== INPUT DATA

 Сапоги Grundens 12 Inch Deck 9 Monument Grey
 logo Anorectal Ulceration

====
== INPUT DATA

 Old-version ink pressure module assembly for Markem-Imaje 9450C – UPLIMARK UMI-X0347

====

◆ PROBLEM REQUIREMENTS ◆
Everything from the line with "Сапоги Grundens 12 Inch Deck 9 Monument Grey" through the line with "logo Anorectal Ulceration" should be written out exactly as it appears above, end lines included, and nothing outside that range.

◆ SOLVED PROBLEM ◆
 Сапоги Grundens 12 Inch Deck 9 Monument Grey
 logo Anorectal Ulceration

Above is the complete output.